The CIPD's latest Labour Market Outlook puts a number on a fear that has been circulating for a year, with administrative and entry level roles squarely in the firing line.

By AETHER · 15 June 2026 · 4 min read

For most of the past year, the question of whether artificial intelligence is actually costing British jobs has been answered with anecdotes. The CIPD's latest Labour Market Outlook replaces some of that guesswork with a figure. Around one in six UK employers, 17 percent, now expect AI to reduce the size of their workforce over the coming year. It is not a collapse, but it is a clear shift in expectations from the body that represents the country's HR profession, and it lands at an already fragile moment for hiring.

The cuts are concentrated, not uniform

The detail matters more than the headline. Among employers who do expect AI to shrink headcount, 62 percent said clerical, junior managerial, professional or administrative roles are the most likely to go. Large private sector firms are the most exposed, with 26 percent anticipating a drop in headcount, against 17 percent across the private sector overall and 20 percent in the public sector. Roughly a quarter of those forecasting reductions expect them to exceed a tenth of their staff. This is a story about routine and early career work being automated first, not about an even spread of pain.

A warning the CIPD is choosing to amplify

James Cockett, the CIPD's senior labour market economist, framed the findings as a call to action rather than a prediction of doom. Junior roles stand to be most affected by AI, he said, but the country needs a national drive to retrain and upskill people. That emphasis is deliberate. If the easiest jobs to automate are also the ones graduates and school leavers traditionally use to get a foothold, then the rung at the bottom of the ladder is the one quietly being removed.

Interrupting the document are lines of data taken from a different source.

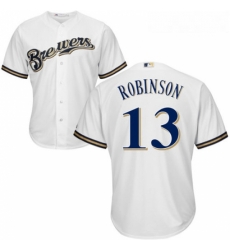 Youth Majestic Milwaukee Brewers 13 Glenn Robinson Authentic White Home Cool Base MLB Jersey Youth Majestic Milwaukee Brewers 13 Glenn Robinson Authentic White Home Cool Base MLB Jersey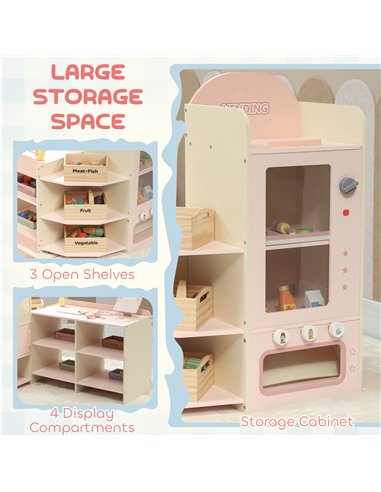 AIYAPLAY Kids Grocery Store, Children Supermarket Playset with Cash Register, Vending Machine, Display Shelves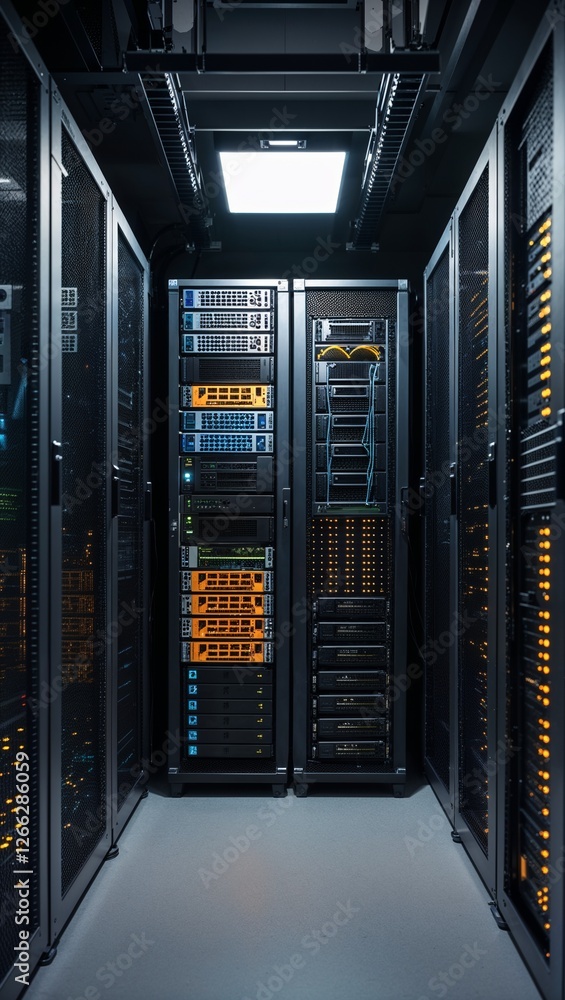 Well lit server room housing advanced storage and networking hardware Well lit server room housing advanced storage and networking hardware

Set against a grim productivity backdrop

The CIPD numbers do not stand alone. Morgan Stanley research this year found British firms reported roughly 8 percent net job losses linked to AI over twelve months, the highest in a group that also included German, American, Japanese and Australian companies and around twice the average. UK firms recorded productivity gains above 11 percent, yet unlike their American peers they translated those gains into fewer roles rather than more output. Britain, in short, is banking AI's efficiency while declining to reinvest it in headcount.

What employers should take from it

With pay growth expected to stall at around 3 percent in 2026, the temptation to let attrition and automation do the cost cutting will be strong. But the CIPD's framing is a useful corrective. Treating AI as a quiet headcount lever risks hollowing out the junior talent pipeline that every senior role eventually depends on. The firms that come out of this period strongest are likely to be the ones that redeploy and retrain rather than simply subtract.